» Instructions for the task:
Copy exactly, and only, the lines from the one with "Table 3.2 Koleksi" to the end of the listing; omit pictures.

» Records for the exercise:
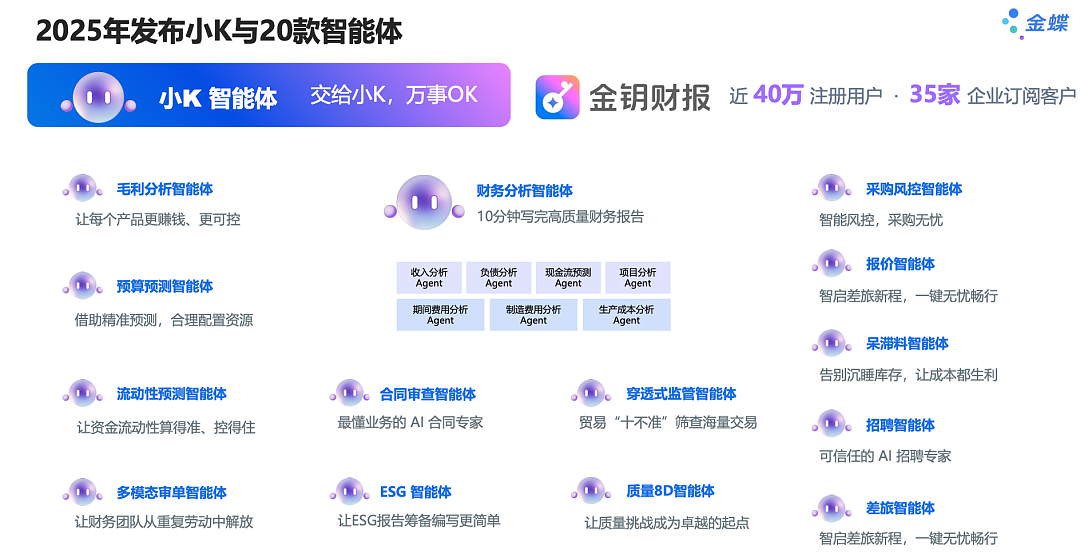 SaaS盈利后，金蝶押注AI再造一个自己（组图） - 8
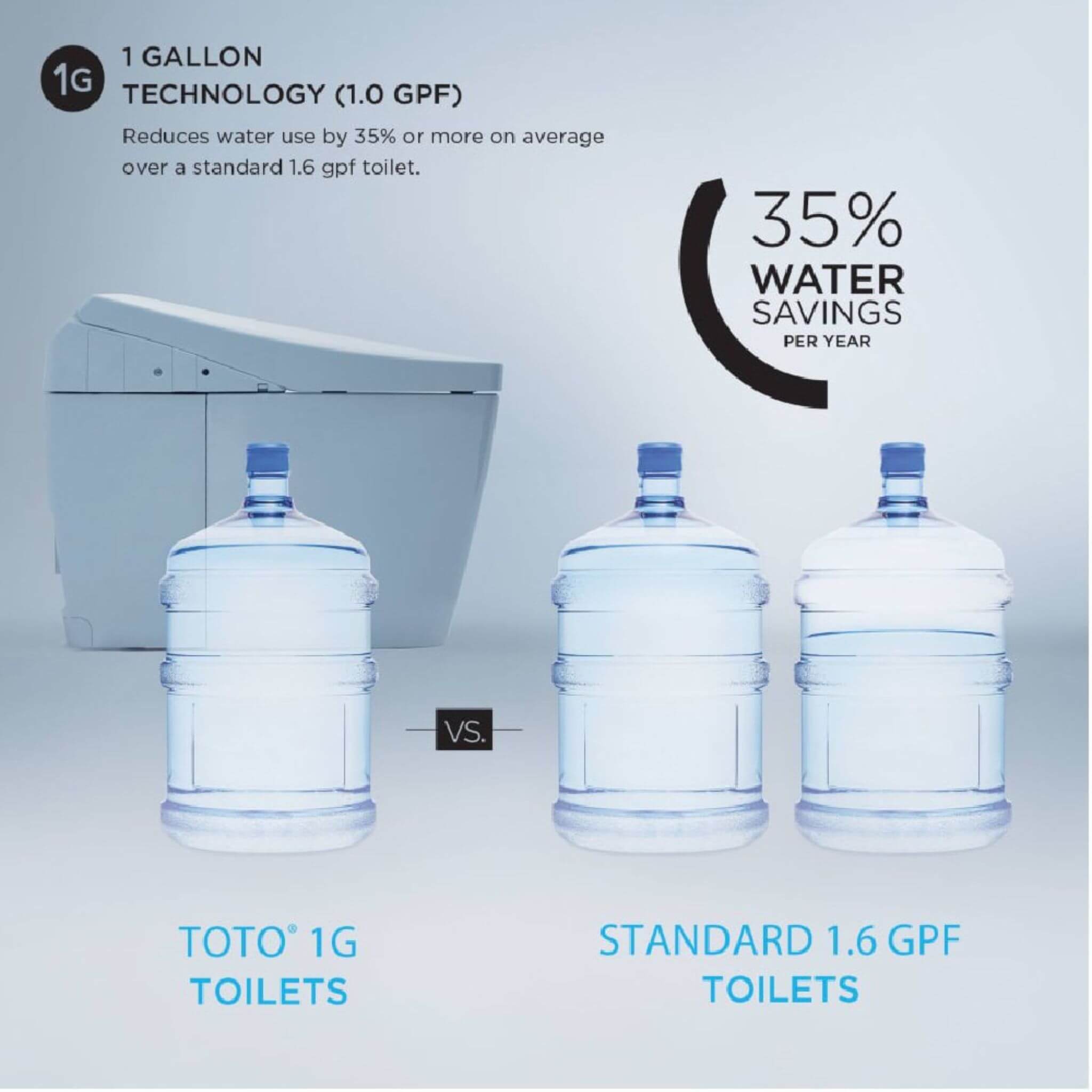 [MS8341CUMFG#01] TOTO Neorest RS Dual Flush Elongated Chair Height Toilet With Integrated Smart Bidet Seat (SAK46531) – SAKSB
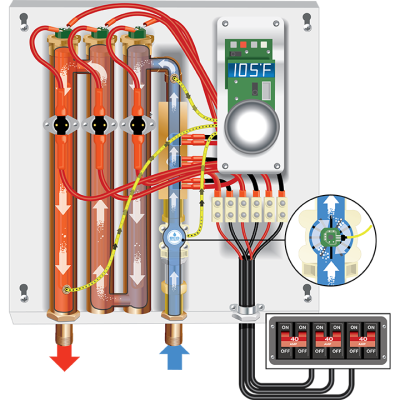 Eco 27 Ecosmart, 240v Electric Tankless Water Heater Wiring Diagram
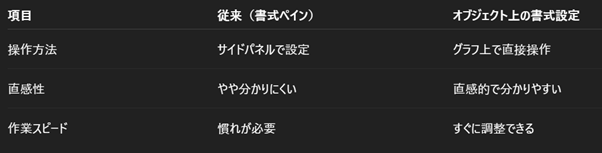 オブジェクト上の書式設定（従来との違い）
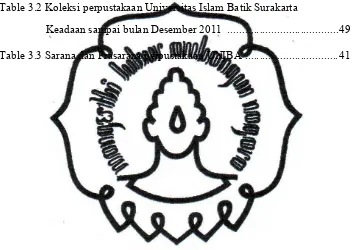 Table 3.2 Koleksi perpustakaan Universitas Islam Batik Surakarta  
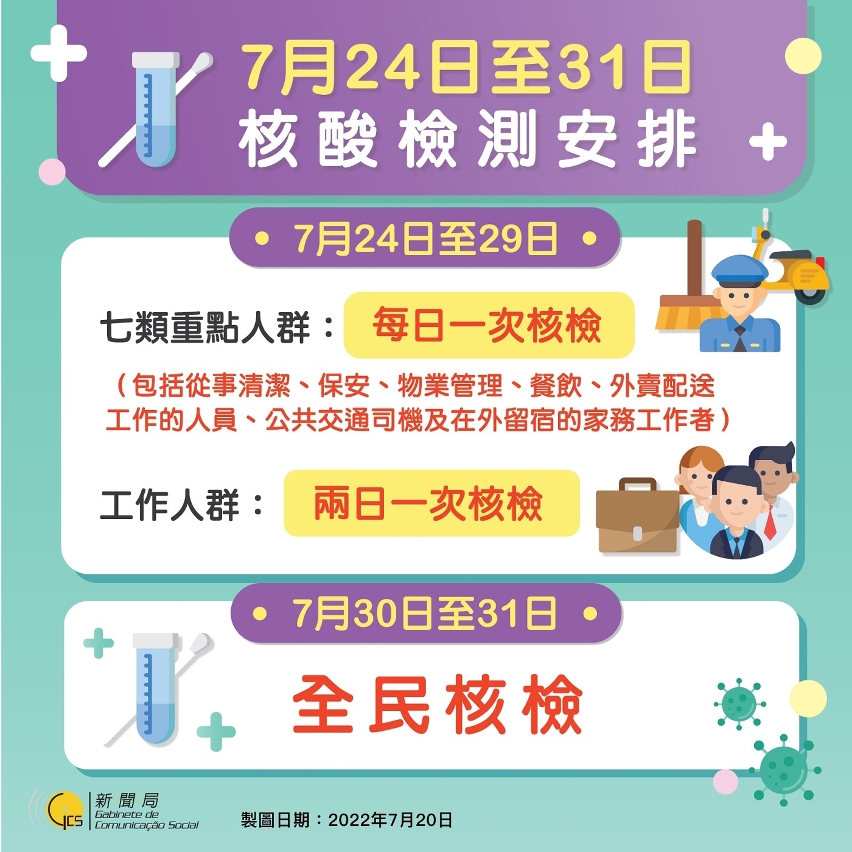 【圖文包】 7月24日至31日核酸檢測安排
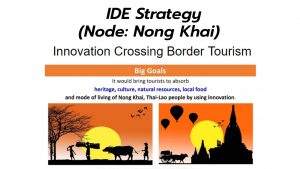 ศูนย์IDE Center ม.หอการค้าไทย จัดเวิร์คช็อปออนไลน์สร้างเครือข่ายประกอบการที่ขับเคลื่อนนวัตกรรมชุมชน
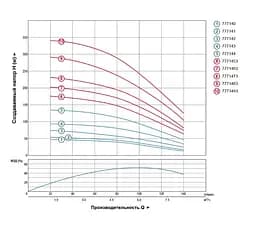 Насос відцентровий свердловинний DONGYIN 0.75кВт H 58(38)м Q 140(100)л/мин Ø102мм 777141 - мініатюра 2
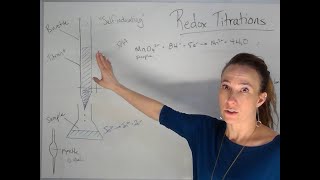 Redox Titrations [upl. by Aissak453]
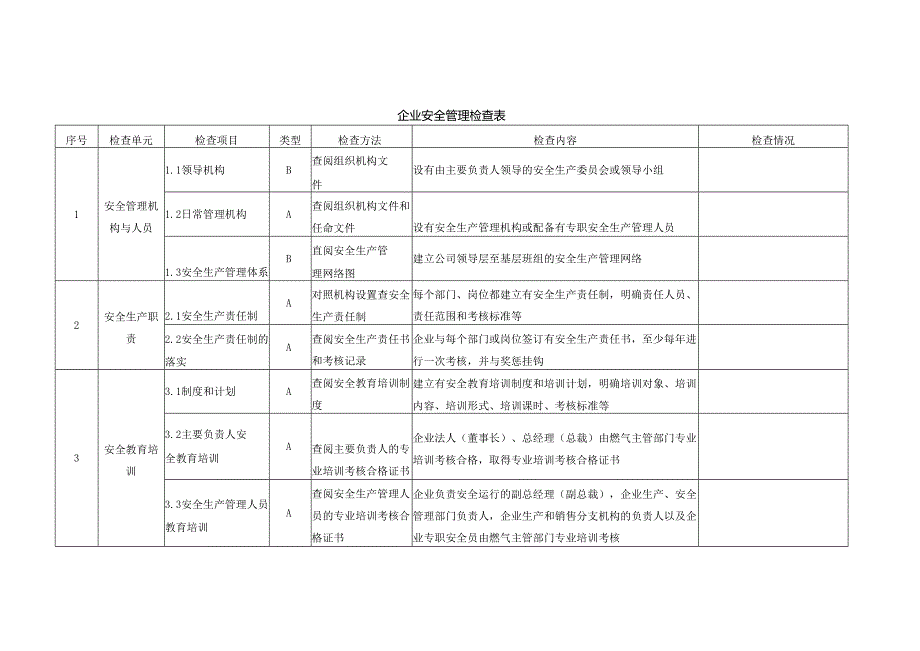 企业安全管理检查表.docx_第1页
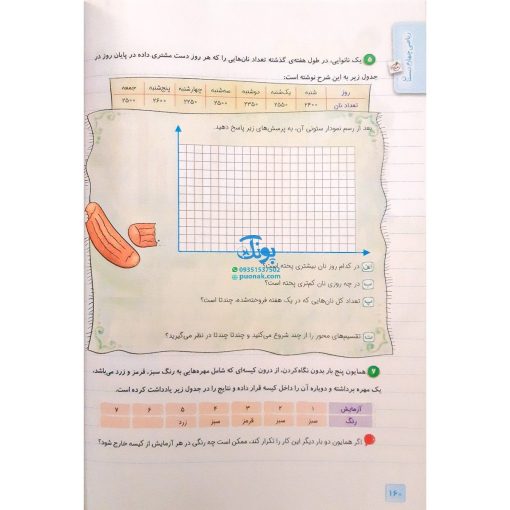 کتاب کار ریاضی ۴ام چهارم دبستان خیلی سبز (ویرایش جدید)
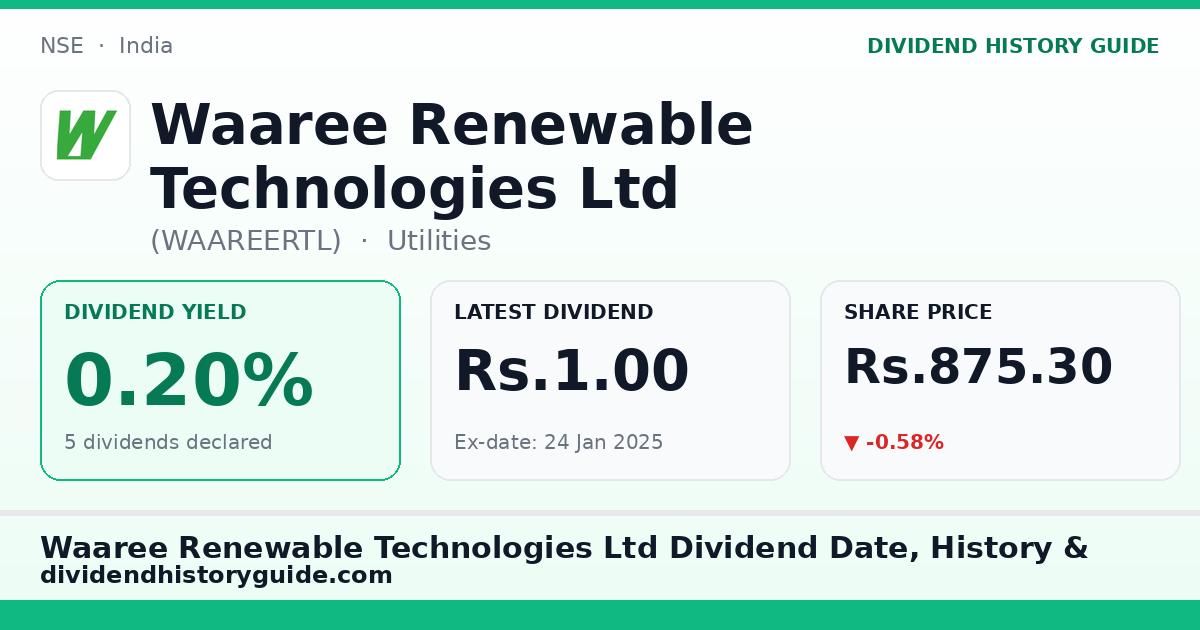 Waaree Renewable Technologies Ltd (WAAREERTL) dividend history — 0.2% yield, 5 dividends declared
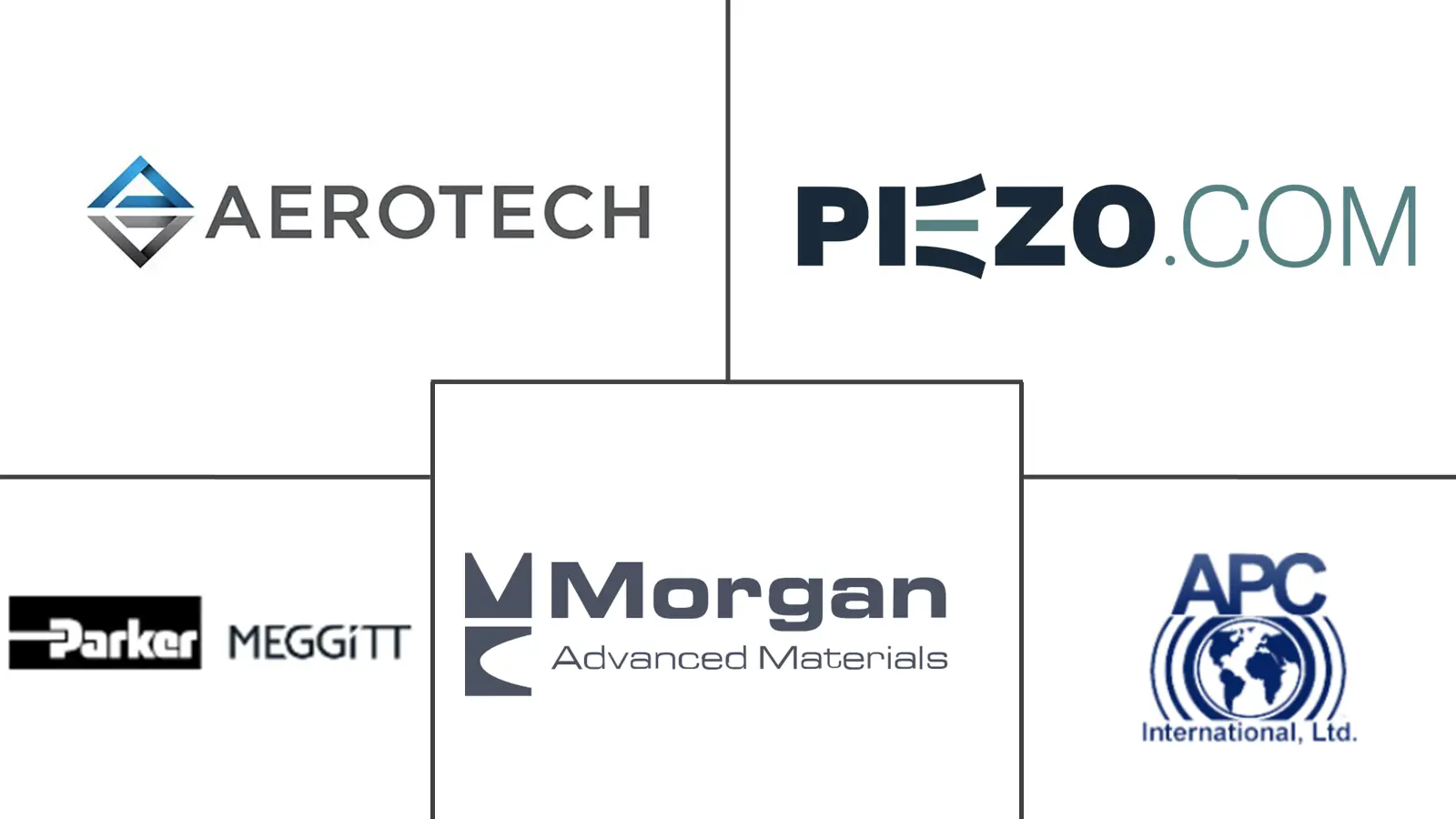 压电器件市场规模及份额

» Response to the task:
 Table 3.2 Koleksi perpustakaan Universitas Islam Batik Surakarta  
 【圖文包】 7月24日至31日核酸檢測安排
 ศูนย์IDE Center ม.หอการค้าไทย จัดเวิร์คช็อปออนไลน์สร้างเครือข่ายประกอบการที่ขับเคลื่อนนวัตกรรมชุมชน
 Насос відцентровий свердловинний DONGYIN 0.75кВт H 58(38)м Q 140(100)л/мин Ø102мм 777141 - мініатюра 2
 Redox Titrations [upl. by Aissak453]
 企业安全管理检查表.docx_第1页
 کتاب کار ریاضی ۴ام چهارم دبستان خیلی سبز (ویرایش جدید)
 Waaree Renewable Technologies Ltd (WAAREERTL) dividend history — 0.2% yield, 5 dividends declared
 压电器件市场规模及份额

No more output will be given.